Changing from a conditional form of redistribution to UBI, nevertheless, is met with concerns. First, the feasibility of including all individuals as recipients means higher costs for the government. Second, the government fears that UBI will result in reduced work incentives and people to become “more idle”. Thus, the question arises: is UBI feasible for developing countries? Is it even desirable in the first place?

Could developing nations afford a switch to UBI?

In order for everyone to receive a UBI, we must first decide on the amount of this transfer. If UBI is used to relieve poverty, we must set the minimum income to the estimated international poverty line – the minimum income that is enough to provide basic needs for an individual – is US$57 a month.

Let us choose the Philippines as an example of a developing country. Considering that the Philippine population in April 2020 is 100.98 million people, UBI would cost a whopping US$69 billion per annum if UBI is set to the estimated international poverty line. Even supposing that current social schemes were to be abolished and that total tax revenue were to be redirected towards UBI, the 2017 annual tax revenue of US$54.92 billion, raised through the progressive income tax system, would not be sufficient to fund this switch. Therefore, the only way to afford UBI would be to increase the marginal tax rate.

The feasibility of implementing UBI would therefore depend upon how agreeable the tax-paying individuals are to an increase in marginal tax rate. Considering that only certain individuals in developing countries contribute to tax revenue, the amount of increase in marginal tax rate needed to cover UBI may be too high to be politically feasible. As a result, welfare state may settle for a lower marginal tax rate that will not be enough.

Would developing countries even want a UBI?

A developed country, such as the UK, where technologies are advancing yet job insecurity is rising, would desire a welfare scheme that will maintain enough income during uncertain job conditions while maintaining incentives to work. However, a developing country, such as the Philippines, with a majority of the population in elementary occupations, would prioritize a welfare scheme that will promote education for future labor productivity.

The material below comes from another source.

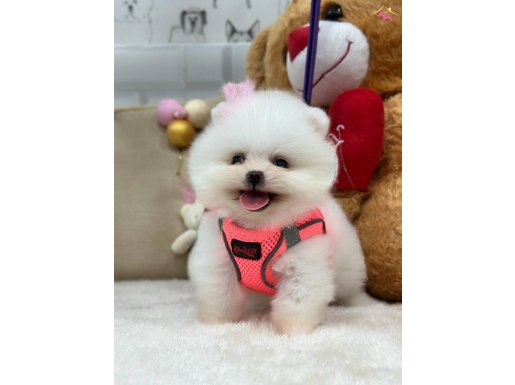 SAFKAN AYI SURAT BOO YAVRULAR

Implementing a UBI affects people differently where some will experience an increase in net income, whereas those who experience an increased marginal tax rate will experience a decrease in net income. Those who experience an increase in their net income will of course, welcome the idea of UBI as they would be better off. There will be an income effect causing them to increase their hours of leisure and decrease work incentives, which will not be desired by the government. In contrast, the effects of those who experience a decrease in their net income will be ambiguous. On one hand, the decreased income will decrease demand for leisure, demonstrating an income effect. On the other hand, when wage rate decreases, leisure becomes cheaper and more attractive, demonstrating a substitution effect. Therefore, the change in hours of leisure for the rich would depend on whether the income or substitution effect will dominate. It is normally considered that tax rate increase results in substitution effect dominating, and thus overall, we could assume that this group of people will also increase their hours of leisure, which will not be desired by the government.

Closing thoughts

Is UBI feasible and desirable for developing countries? The short answer is no, but it is definitely more complicated than that. Regarding feasibility, a UBI set to the poverty line would only be achieved if there was an increase in marginal tax rate. Although not impossible, it is unrealistic to assume that rich individuals would accept a large increase in marginal tax rate considering the political climate of many developing nations. The desirability of UBI is more complicated. This article has declared that the government will oppose UBI as it will cause an increase in hours of leisure. However, some may argue that an increase of leisure is good for the country as it will provide time for individuals to invest in their education, improving the workforce of the country in the long run. Although that may be true for some individuals, the investment into education is not guaranteed by the UBI. Instead, a conditional form of redistribution (where its conditions include attaining education) will incentivize and guarantee individuals to make the government’s desired choice. Consequently, these concerns establish the UBI may not yet be appropriate for developing countries.